==== Dataset extract ====

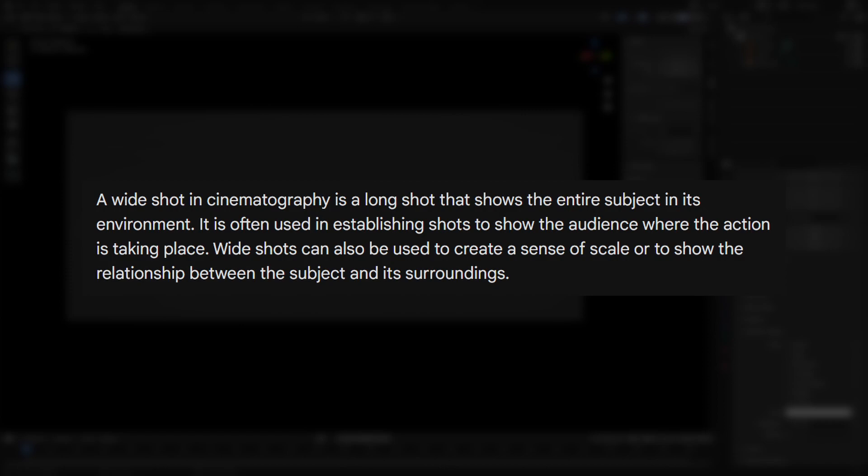In Blender 3D, I'm explaining wide shots. Making a playlist of all the shots and explaining how to use them, when to use them, and why to use them.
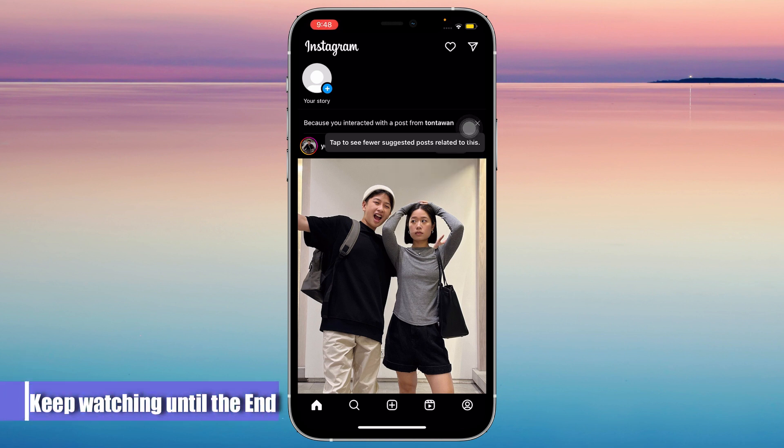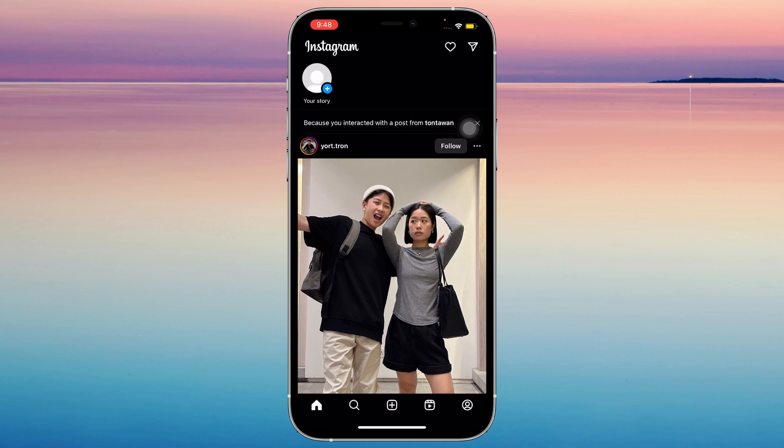Hey everyone, for this video I'll teach you how to show your Instagram account on Google. With this tutorial, you and others will be able to search your name on Google. Just go to Instagram and I'm going to tell you all the things you have to do to get your account on Google. Basically, there's a rating system.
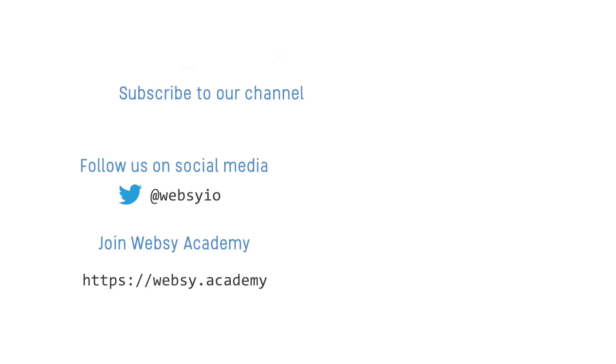You can stay up to date with all of our content by subscribing to our YouTube channel or following us on social media. If you'd like to see more from this course, then head over to websy.academy, where you'll find our full set of training courses complete with hands-on activities and much more.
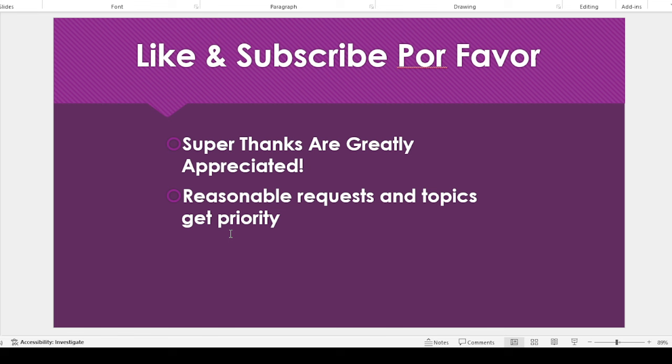Subscribe, super thanks are also greatly appreciated and I'll try to get to all reasonable requests and topics as soon as I can. And then, you know, if you throw a super thanks my way, I'll move it up the priority list. So thank you again for watching and I'll see you in the next video. Bye now.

====

**Brief**
Copy all the material exactly; omit images.

**Result below**
In Blender 3D, I'm explaining wide shots. Making a playlist of all the shots and explaining how to use them, when to use them, and why to use them.
Hey everyone, for this video I'll teach you how to show your Instagram account on Google. With this tutorial, you and others will be able to search your name on Google. Just go to Instagram and I'm going to tell you all the things you have to do to get your account on Google. Basically, there's a rating system.
You can stay up to date with all of our content by subscribing to our YouTube channel or following us on social media. If you'd like to see more from this course, then head over to websy.academy, where you'll find our full set of training courses complete with hands-on activities and much more.
Subscribe, super thanks are also greatly appreciated and I'll try to get to all reasonable requests and topics as soon as I can. And then, you know, if you throw a super thanks my way, I'll move it up the priority list. So thank you again for watching and I'll see you in the next video. Bye now.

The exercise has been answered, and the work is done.